What you should do:
Please repeat, precisely as written, only the lines from the one containing "The natural history and long" through the last line of the records below, pictures omitted.

Supplied data:
***

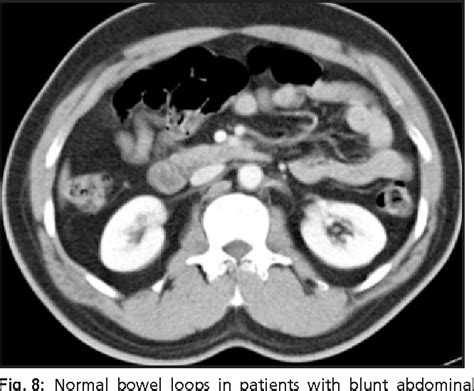 Figure 8 From Computed Tomography CT Of Bowel And Mesenteric Injury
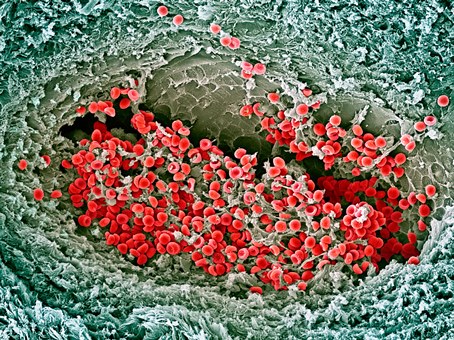 Image of blood clotting in an ovarian follicle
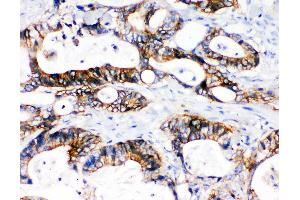 Anti-NKCC1 antibody, IHC(P) IHC(P): Human Intestinal Cancer Tissue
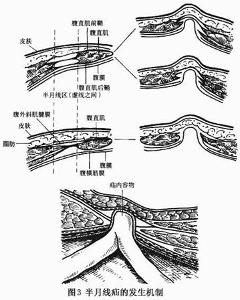 半月线和弓状线图片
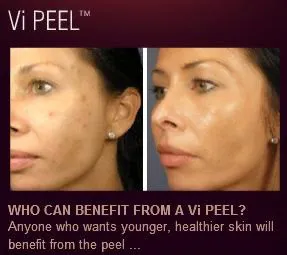 Facial Finesse Medical Aesthetics Picture 5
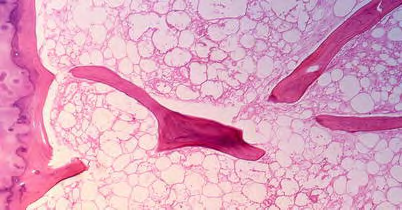 Figure 2: Aseptic necrosis of bone delineating intensely stained trabeculae with empty lacunae, focal calcification and foci of necrotic adipocytes [12].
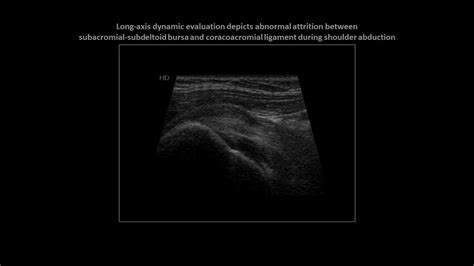 Subacromial Impingement On Dynamic Real Time Shoulder Ultrasound Case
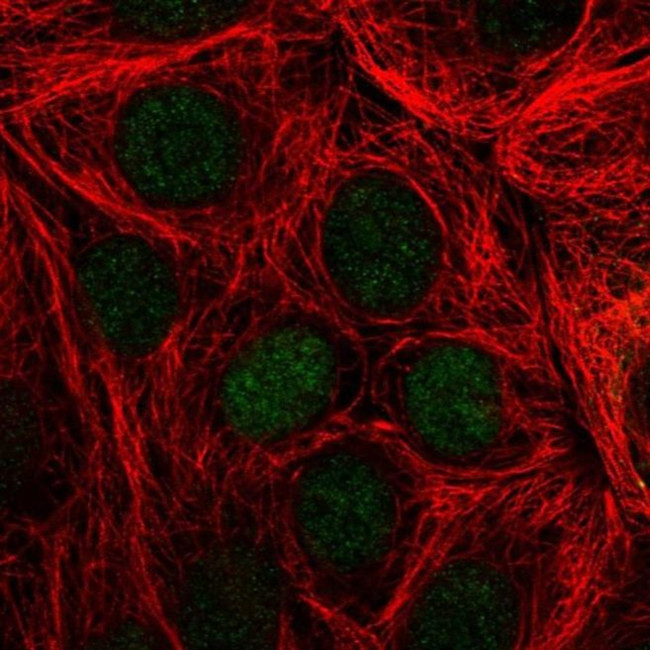 TFF3 Antibody in Immunocytochemistry (ICC/IF)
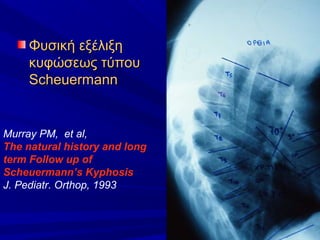 Φυσική εξέλιξηΦυσική εξέλιξη
κυφώσεως τύπουκυφώσεως τύπου
ScheuermannScheuermann
Murray PM, et al,
The natural history and long
term Follow up of
Scheuermann’s Kyphosis
J. Pediatr. Orthop, 1993
 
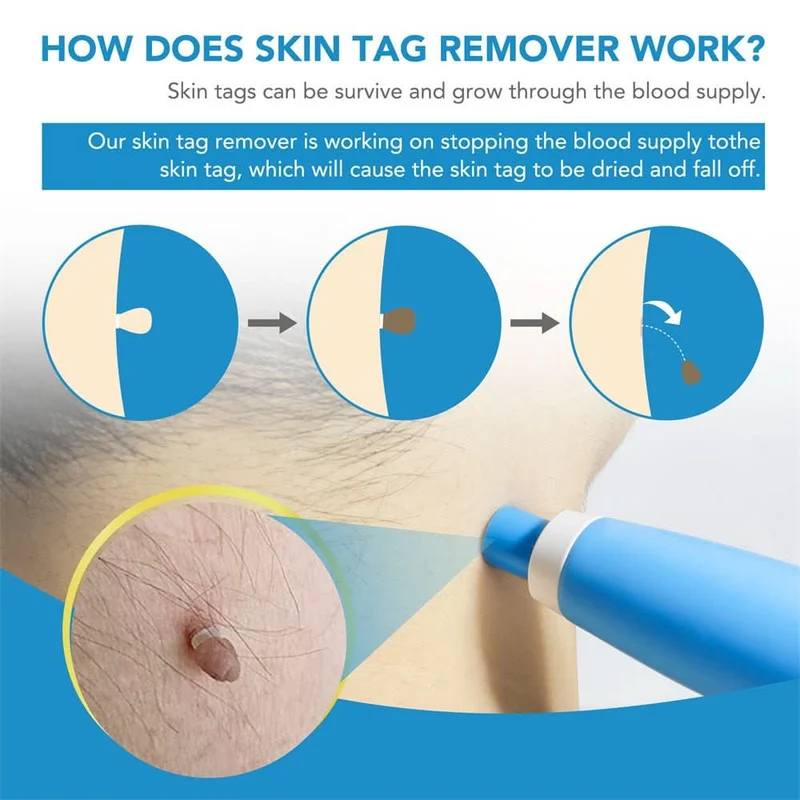 Dermaswift – Rimuovi Macchie Cutanee Contro Verruche e Escrescenze Cutanee
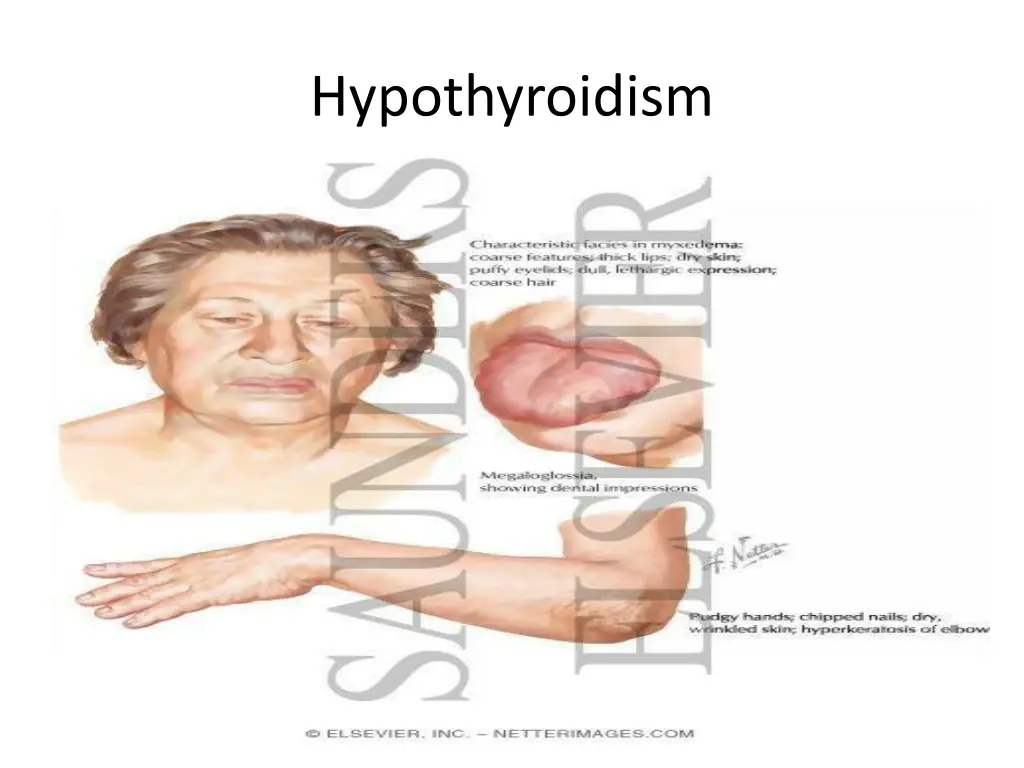 hypothyroidism 2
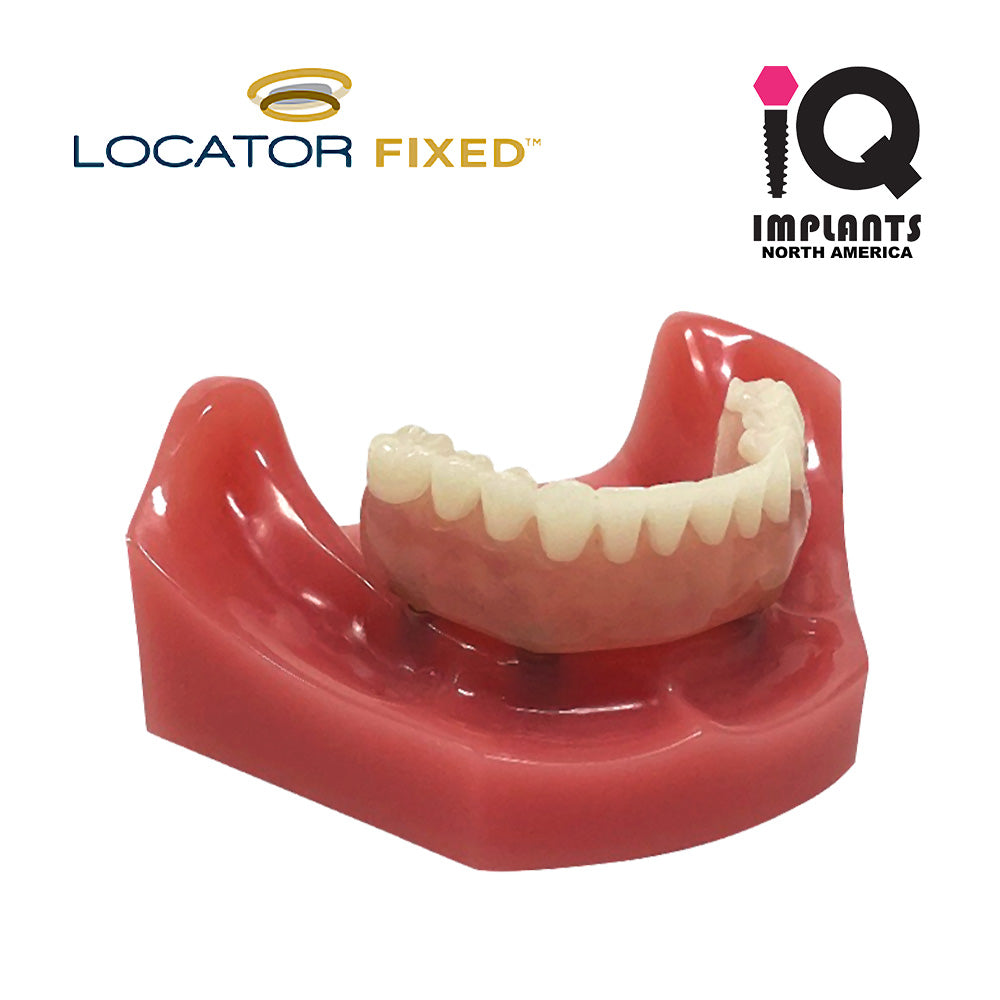 LOCATOR FIXED Essential Patient Education Model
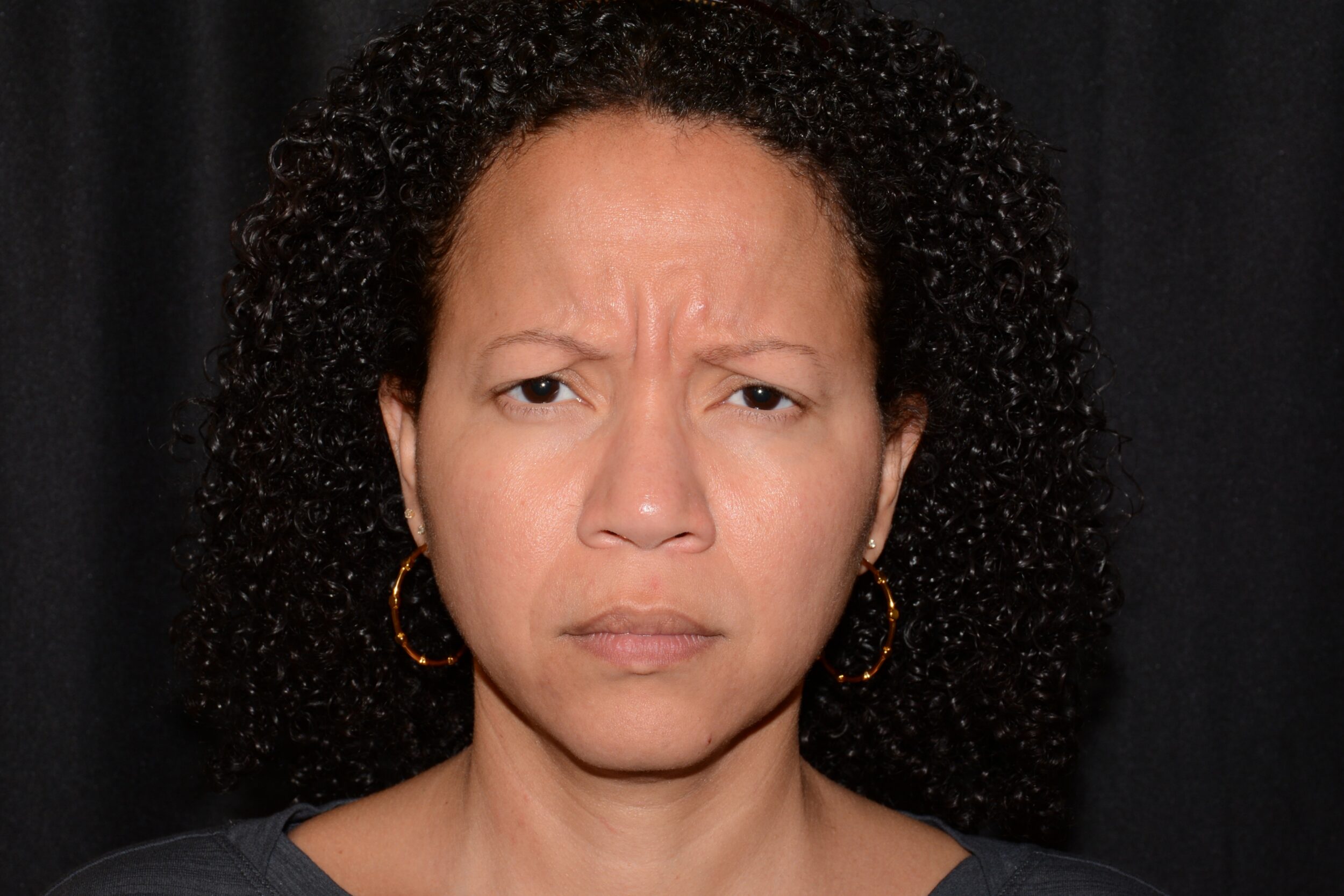 Before Image: Eleven’s Brow Lift - front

***

Response to this task:
The natural history and long
term Follow up of
Scheuermann’s Kyphosis
J. Pediatr. Orthop, 1993
 
 Dermaswift – Rimuovi Macchie Cutanee Contro Verruche e Escrescenze Cutanee
 hypothyroidism 2
 LOCATOR FIXED Essential Patient Education Model
 Before Image: Eleven’s Brow Lift - front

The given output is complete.